I am meditating on what has happened, the state of things that have happened throughout the land; changes are happening - it is not like last year. Each year is more burdensome than its fellow. The land is in uproar, has become what destroys me, has been made into what rests in peace. Truth is put outside, Chaos within the council. The counsels of the Gods are thrown into tumult, and Their directives are neglected. The land is calamity, mourning in every place, towns and districts in woe, and everyone alike is wronged. The back is turned on reverence; the Lords of Silence are violated; morning still happens every day, but the face shrinks from what happens. I shall give voice to these things, for my limbs are weighed down. I am in distress because of my heart. It is a cause of suffering, yet I keep quiet about it!
There is no person free from wrong, and everyone alike is doing it; breasts are saddened; he who commands is as he who is commanded, and yet the hearts of both of them are calm. Each day, one must wake to it. Hearts cannot put it aside; yesterday’s share of it is like today’s, because many imitate it, because of harshness. There is no one clever enough to understand; there is no one angry enough to give voice. Every day, one wakes to suffering. Long and heavy is my anguish. The pauper has no strength to withstand the more powerful man.
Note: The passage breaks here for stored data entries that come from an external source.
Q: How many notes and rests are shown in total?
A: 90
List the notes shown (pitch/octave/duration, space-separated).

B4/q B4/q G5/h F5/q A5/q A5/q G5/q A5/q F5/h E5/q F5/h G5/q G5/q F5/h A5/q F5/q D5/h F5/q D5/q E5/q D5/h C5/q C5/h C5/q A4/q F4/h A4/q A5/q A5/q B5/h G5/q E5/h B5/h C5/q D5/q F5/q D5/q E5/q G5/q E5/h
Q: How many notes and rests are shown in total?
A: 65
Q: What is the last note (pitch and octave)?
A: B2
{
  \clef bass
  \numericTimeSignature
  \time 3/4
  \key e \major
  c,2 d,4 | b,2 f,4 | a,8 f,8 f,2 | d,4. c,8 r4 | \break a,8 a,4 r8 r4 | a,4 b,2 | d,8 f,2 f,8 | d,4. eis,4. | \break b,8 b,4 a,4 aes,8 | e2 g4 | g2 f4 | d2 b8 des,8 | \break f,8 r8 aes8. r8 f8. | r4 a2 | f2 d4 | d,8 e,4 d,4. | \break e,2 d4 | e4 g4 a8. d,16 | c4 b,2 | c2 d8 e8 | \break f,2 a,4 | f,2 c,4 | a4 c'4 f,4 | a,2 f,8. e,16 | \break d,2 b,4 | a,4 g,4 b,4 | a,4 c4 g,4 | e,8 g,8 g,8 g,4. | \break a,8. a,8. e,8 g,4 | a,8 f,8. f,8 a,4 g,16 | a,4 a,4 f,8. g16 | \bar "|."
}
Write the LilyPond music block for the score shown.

Khakheperraseneb also reflects on his need to put this anguish into words, not as an act of vanity but because he wishes that he had read the words of someone going through this before the anguish hit him, and he is therefore telling the reader that these words are supposed to be the source of strength that he never had but needs right now now for those who find themselves in the same predicament in the future:
He says, `If only I had unknown utterances and extraordinary verses, in a new language that does not pass away, free from repetition, without a verse of worn-out speech spoken by the ancestors! I shall wring my body for what is in it, - a release of all my speech. For what is already said can only be repeated; what is said once has been said; this is no vain boast of the ancients’ speech that those who are later should find it good.
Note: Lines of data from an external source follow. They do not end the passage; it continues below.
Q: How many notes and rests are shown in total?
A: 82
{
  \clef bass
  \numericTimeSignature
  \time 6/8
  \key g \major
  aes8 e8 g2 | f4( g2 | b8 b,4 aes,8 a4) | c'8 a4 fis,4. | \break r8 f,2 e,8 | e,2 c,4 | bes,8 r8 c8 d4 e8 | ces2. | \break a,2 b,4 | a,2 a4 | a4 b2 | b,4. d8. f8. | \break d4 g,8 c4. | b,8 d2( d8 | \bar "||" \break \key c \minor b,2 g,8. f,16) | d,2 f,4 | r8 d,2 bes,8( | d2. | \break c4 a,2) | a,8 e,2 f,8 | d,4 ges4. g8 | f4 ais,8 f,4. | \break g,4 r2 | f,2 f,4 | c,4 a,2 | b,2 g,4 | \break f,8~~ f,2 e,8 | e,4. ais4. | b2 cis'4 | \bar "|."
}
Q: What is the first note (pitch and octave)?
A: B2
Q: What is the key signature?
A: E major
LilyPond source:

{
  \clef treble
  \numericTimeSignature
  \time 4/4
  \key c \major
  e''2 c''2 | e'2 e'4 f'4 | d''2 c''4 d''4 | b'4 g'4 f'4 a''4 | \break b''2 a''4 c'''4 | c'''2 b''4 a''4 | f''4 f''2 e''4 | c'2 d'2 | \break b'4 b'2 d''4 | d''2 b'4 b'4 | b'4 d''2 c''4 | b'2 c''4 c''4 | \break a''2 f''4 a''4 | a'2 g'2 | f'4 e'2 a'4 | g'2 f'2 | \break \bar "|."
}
No speaker has now spoken yet - may one who will speak now speak and another find what he will speak good! No one has now spoken for a matter spoken afterward, as they did long before. Here is no speaking what is only planned to be said: this is searching after ruin, this is falsehood - there is none who will remember his name to others! I have said these things as I have seen them; from the first generation until those who come after, they are now like what has passed away. If only I knew what was unknown to others, what is still unrepeated. I would speak this, and then my heart would answer me, and I would enlighten it about my anguish. I would unload onto it the weight that is on my back, the utterances that make me helpless. I would announce to it the anguish I feel because of it. I would say "Ah!" on account of my relief
A wab-priest (or wꜥb, meaning "pure one") was an Ancient Egyptian clergyman of the lowest, most foundational rank. They were responsible for the daily, practical maintenance of temples and tombs, including ritual purification, carrying sacred boats during festivals, and supplying offerings to mortuary chapels.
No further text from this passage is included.